Another way we might improve our model to gain even more explanatory power is to add a second independent variable (making it a multivariate model). For example, maybe we can use the additional Group percentages to improve the model. 

To do this first we need to create a additional columns in our DataFrame containing Group percentages. The quickest way to do this is a loop:

In [None]:
groups = ["Group2","Group3","Group4","Group5","Group6","Group7","Group8"]
for group in groups:
    
        # Derive Proportions
        nsvalDF[group+'Pct'] = 100 * (nsvalDF[group]/nsvalDF["Total"])

Including additional predictors is pretty straight-forward to do with the formula syntax of the `statsmodel` package:

In [None]:
logP_G1pct_G3pct_mod = sm.OLS.from_formula("LogMedPrice ~ Group1Pct + Group3Pct", data = nsvalDF)  


#### Task

After fitting the model implied in the last line of code, answer the following questions _[edit this text block]_:

Q10: Does the multivariate model improve the amount of variance explained? 

**A10: **

Q11: Is the relationship between Group 3 population and house price positive or negative? Explain why this might make sense. 

**A11: **

Q12: Are you confident both independent variables in this model have an effect on the dependent variable? Why? 

**A12: **


## Final Project

Think about what the results above tell us about the how house prices of an area are related to the socio-econmic composition of that area.

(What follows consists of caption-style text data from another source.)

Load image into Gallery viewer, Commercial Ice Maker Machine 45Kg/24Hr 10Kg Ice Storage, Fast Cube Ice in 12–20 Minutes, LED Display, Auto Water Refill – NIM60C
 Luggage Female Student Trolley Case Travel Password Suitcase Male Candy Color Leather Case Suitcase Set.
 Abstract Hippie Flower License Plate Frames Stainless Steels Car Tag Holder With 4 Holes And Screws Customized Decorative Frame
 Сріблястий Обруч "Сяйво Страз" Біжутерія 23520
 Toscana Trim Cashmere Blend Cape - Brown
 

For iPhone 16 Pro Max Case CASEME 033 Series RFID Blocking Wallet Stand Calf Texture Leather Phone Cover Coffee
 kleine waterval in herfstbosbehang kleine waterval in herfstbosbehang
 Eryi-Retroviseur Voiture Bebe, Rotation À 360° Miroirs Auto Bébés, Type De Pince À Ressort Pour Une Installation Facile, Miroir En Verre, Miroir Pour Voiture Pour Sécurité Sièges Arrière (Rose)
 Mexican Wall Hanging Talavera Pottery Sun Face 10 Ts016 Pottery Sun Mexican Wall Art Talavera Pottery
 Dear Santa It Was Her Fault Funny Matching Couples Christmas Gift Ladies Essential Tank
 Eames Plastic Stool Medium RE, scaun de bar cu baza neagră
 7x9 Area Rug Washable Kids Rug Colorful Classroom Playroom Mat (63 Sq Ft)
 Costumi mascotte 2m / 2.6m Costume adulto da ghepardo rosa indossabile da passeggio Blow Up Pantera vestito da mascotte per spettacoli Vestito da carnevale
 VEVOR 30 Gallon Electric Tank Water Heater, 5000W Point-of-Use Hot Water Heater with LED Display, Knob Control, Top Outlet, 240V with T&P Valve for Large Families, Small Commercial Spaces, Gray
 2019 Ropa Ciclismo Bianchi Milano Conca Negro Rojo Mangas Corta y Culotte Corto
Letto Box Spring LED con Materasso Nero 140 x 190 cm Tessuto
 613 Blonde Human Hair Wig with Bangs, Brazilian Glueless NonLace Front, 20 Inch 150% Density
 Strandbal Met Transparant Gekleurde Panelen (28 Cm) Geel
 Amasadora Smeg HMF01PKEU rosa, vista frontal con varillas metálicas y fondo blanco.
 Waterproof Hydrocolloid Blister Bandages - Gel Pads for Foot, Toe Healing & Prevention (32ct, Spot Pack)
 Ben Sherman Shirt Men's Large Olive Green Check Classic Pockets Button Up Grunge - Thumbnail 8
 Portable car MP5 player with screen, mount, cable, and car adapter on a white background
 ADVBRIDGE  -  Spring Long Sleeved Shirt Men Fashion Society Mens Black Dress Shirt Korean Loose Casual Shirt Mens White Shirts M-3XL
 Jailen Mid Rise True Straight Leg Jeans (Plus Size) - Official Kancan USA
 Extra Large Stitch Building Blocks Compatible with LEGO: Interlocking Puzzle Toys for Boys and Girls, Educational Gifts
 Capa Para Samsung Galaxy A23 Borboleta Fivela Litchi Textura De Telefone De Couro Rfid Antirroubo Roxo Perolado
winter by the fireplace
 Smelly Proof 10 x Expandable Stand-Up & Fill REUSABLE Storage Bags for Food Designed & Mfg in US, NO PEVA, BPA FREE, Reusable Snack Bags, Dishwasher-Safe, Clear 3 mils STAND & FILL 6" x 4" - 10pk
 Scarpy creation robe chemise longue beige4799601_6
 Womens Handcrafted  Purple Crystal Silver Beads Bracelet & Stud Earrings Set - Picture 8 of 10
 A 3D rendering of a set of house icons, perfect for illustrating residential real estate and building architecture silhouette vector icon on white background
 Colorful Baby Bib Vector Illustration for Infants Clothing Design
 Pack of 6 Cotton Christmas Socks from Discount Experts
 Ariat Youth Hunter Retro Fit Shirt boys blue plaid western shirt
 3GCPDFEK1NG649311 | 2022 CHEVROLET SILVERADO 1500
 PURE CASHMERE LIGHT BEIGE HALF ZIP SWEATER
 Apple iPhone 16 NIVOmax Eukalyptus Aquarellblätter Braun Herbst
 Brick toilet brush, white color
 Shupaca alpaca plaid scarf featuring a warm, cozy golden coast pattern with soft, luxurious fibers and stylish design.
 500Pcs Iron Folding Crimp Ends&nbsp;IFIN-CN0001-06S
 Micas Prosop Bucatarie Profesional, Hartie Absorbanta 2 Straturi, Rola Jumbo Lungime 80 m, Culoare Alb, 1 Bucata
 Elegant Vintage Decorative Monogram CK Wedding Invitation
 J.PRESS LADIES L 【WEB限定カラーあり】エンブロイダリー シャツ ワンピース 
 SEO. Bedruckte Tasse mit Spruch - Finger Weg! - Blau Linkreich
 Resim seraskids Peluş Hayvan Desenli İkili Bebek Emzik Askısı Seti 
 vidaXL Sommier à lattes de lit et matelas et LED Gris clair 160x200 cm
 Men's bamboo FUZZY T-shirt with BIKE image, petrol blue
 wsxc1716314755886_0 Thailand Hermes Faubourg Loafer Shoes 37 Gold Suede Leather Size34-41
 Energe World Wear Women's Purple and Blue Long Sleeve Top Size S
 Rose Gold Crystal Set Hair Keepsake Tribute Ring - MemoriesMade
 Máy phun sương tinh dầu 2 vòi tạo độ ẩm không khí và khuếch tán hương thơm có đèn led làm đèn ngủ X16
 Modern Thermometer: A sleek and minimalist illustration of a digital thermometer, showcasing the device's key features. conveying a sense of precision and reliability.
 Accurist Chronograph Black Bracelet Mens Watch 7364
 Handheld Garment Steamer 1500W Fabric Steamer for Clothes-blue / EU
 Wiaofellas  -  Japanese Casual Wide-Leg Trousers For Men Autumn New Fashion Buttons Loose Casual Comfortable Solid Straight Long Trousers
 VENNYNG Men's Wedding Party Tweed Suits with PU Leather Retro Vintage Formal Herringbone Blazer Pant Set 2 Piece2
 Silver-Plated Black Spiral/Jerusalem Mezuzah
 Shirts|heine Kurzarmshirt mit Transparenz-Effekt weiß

Start thinking about your final project and what data you might analyse for it. 


### Reference
- Lin et al. (2013) Too Big to Fail: Large Samples and the p-Value Problem _Information Systems Research_ 24 906–917 DOI: [10.1287/isre.2013.0480](http://dx.doi.org/10.1287/isre.2013.0480)
- Smith, D. (2010) _Valuing housing and green spaces: Understanding local amenities, the built environment and house prices in London._ London: Greater London Authority.